To see this in action, you can use the Linux ldd utility to print out the dynamic libraries of any binary program. For example, here are the dynamic libraries for git on Alpine 3.3:

$> ldd /usr/bin/git
   /lib/ld-musl-x86_64.so.1 (0x55c2e5177000)
   libpcre.so.1 => /usr/lib/libpcre.so.1 (0x7f513d16d000)
   libz.so.1 => /lib/libz.so.1 (0x7f513cf57000)
   libcrypto.so.38 => /lib/libcrypto.so.38 (0x7f513cbad000)
   libc.musl-x86_64.so.1 => /lib/ld-musl-x86_64.so.1 (0x55c2e5177000)

Which is telling us that git links to the shared libraries for PCRE, zip, crypto, and the standard libc, and if you look closely, you'll see that it also points at specific versions at concrete file paths. This is a huge obstacle toward building portable unix binaries. Even worse, the version of libc in use here, musl, isn't quite compatible with the more common glibc.

In contrast, here's the output of the same command on Ubuntu 17.04:

$> ldd /usr/bin/git
   linux-vdso.so.1 =>  (0x00007ffd4a5ed000)
   libpcre.so.3 => /lib/x86_64-linux-gnu/libpcre.so.3 (0x00007f38be92c000)
   libz.so.1 => /lib/x86_64-linux-gnu/libz.so.1 (0x00007f38be710000)
   libpthread.so.0 => /lib/x86_64-linux-gnu/libpthread.so.0 (0x00007f38be4f2000)
   librt.so.1 => /lib/x86_64-linux-gnu/librt.so.1 (0x00007f38be2ea000)
   libc.so.6 => /lib/x86_64-linux-gnu/libc.so.6 (0x00007f38bdf23000)
   /lib64/ld-linux-x86-64.so.2 (0x000056370d47a000)

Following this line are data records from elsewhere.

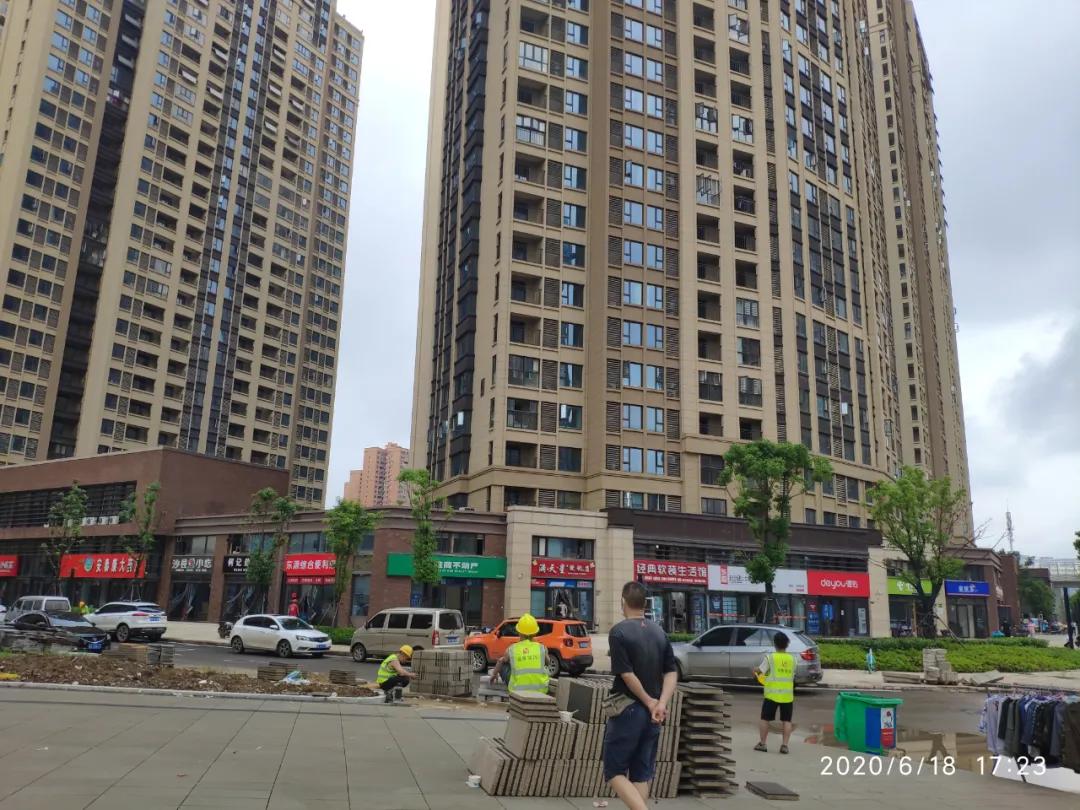 这样的社区底商，太过于真实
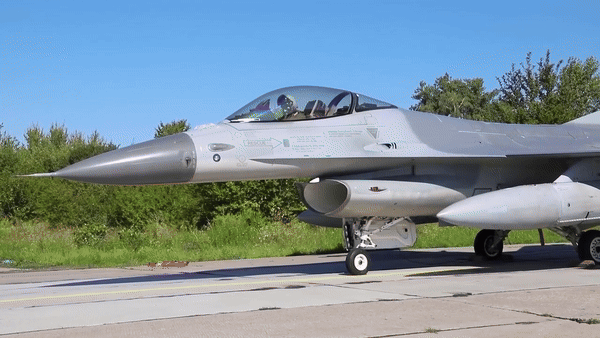 Tính đến thời điểm hiện tại, Quân đội Ukraine đã nhận được 6 chiếc F-16 từ phương Tây và một chiếc được chính thức xác nhận là đã bị phá hủy. Ngoài 4 chiếc mà phóng viên Ukraine đề cập ngày hôm qua, như vậy Không quân Ukraine có thể chỉ còn một chiếc F-16.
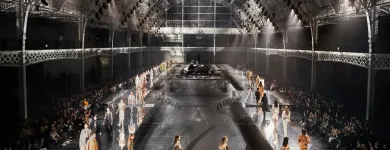 Maatskappy 23 beeld BURBERRY Women's Clothing Store in Cape Town WC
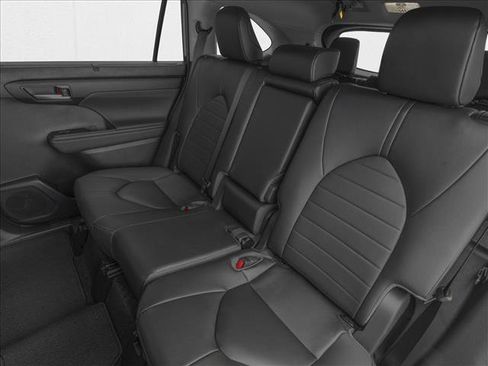 New 2026 Toyota Highlander XLE AWD/4WD image 9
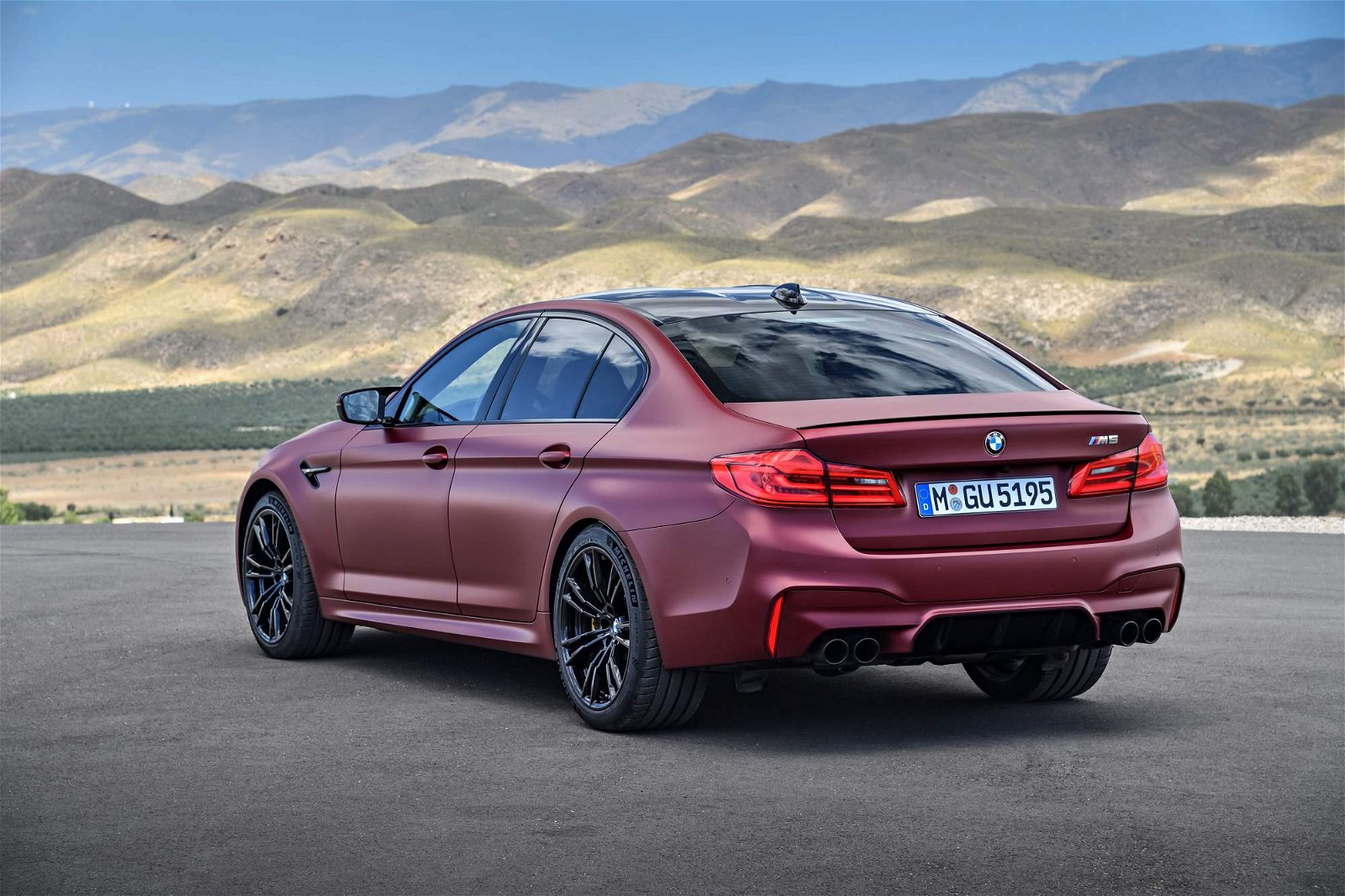 2018 BMW M5 First Edition rear side view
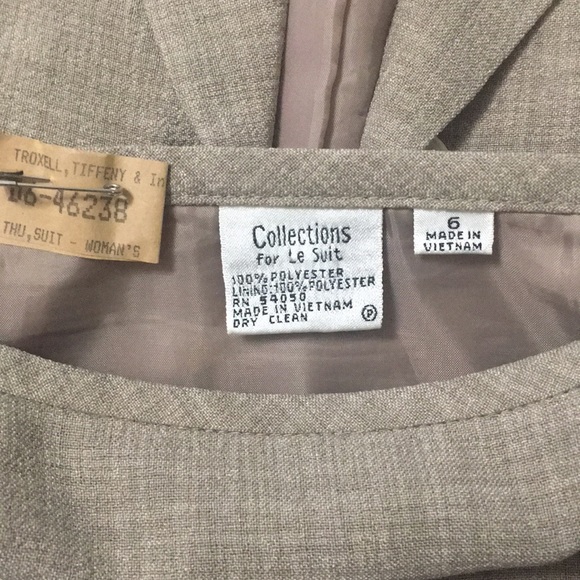 Vintage style Oat color 2 piece skirt/jacket suit - Picture 7 of 8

We can see here that we have a different set of dependencies -- including pthread, librt, and the special vdso -- in different versions. As a result, if we try to run the Ubuntu executable on the Alpine system, this happens:

$> ./git.ubuntu 
/bin/sh: ./git.ubuntu: not found

Which is completely unhelpful, but if we use ldd we can see what's happening:

$> ldd git.ubuntu
Error loading shared library libpcre.so.3: No such file or directory (needed by git.ubuntu)
      libz.so.1 => /lib/libz.so.1 (0x7f18208e4000)
      libpthread.so.0 => /lib64/ld-linux-x86-64.so.2 (0x56519fa3b000)
      librt.so.1 => /lib64/ld-linux-x86-64.so.2 (0x56519fa3b000)
      libc.so.6 => /lib64/ld-linux-x86-64.so.2 (0x56519fa3b000)
Error relocating git.ubuntu: __snprintf_chk: symbol not found
Error relocating git.ubuntu: __vfprintf_chk: symbol not found
Error relocating git.ubuntu: __read_chk: symbol not found
Error relocating git.ubuntu: pcre_maketables: symbol not found
Error relocating git.ubuntu: _obstack_begin: symbol not found
Error relocating git.ubuntu: pcre_exec: symbol not found
Error relocating git.ubuntu: __memmove_chk: symbol not found
Error relocating git.ubuntu: __memcpy_chk: symbol not found
Error relocating git.ubuntu: obstack_free: symbol not found
Error relocating git.ubuntu: pcre_compile: symbol not found
Error relocating git.ubuntu: __open64_2: symbol not found
Error relocating git.ubuntu: __vsnprintf_chk: symbol not found
Error relocating git.ubuntu: _obstack_newchunk: symbol not found
Error relocating git.ubuntu: __printf_chk: symbol not found
Error relocating git.ubuntu: __fread_chk: symbol not found
Error relocating git.ubuntu: pcre_study: symbol not found
Error relocating git.ubuntu: __memset_chk: symbol not found
Error relocating git.ubuntu: __fprintf_chk: symbol not found
Error relocating git.ubuntu: pcre_free: symbol not found

As you can see, it's failing to load the PCRE library, and then choking on all the missing symbols, i.e., functions.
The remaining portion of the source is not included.